I think those points KHL have given you are really good. Being a people pleader is exhausting and gets harder as you get older because people put more on to you. It took me forever to learn how to say no to people, especially my mum. She disapproved of me every time I said no to her that I ended up going along with her and felt miserable half the time.

Building confidence and emotional regulation are 2 really good things to work on. Confidence is something we all need and we feel much better when we are confident in ourselves. 

Re: Not Coping

Aww, how sweet of you @ENKELI. It definitely is a lovely name. 

Aww how beautiful. Do they have to stay outside?

Yeah, it really is hard. How have you worked on it? 
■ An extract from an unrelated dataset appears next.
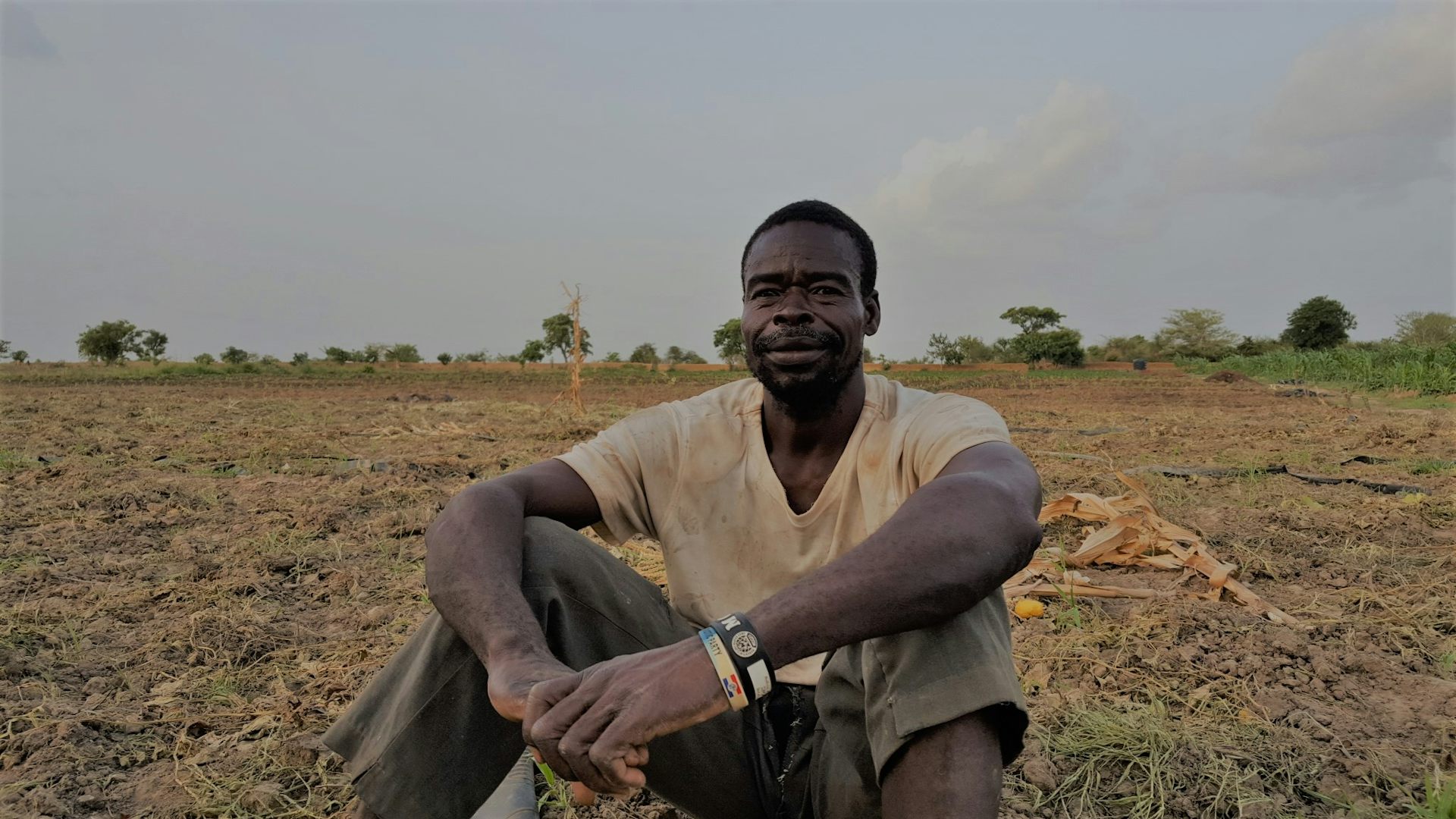 Why Ghana’s Smallholders Aren’t Excited by the Latest ‘Green Revolution’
Yeah she said if I am confident it myself and the skills I have to cope on my own I should become less dependent. It will take time, though. I don't think it's something that will be fixed by October. 

It really made me cry this morning. I was googling about not coping with psych being away on Reddit. i got very upset over it. I know rationally he needs time away, etc., but the emotional part of me is really hurt and scared. 

WHat are you having for dinner? I have made beef massaman curry with coconut rice. 

Re: Not Coping

@Birdofparadise8 they are outdoor plants and this one can grow to 6 metres. I want to get a nice pot for her, I couldn't find one today.

I am still working on people pleasing. I think I always will. I don't know, I think females are programmed to people please. I do say no more often than I used to, it's a work in progress. 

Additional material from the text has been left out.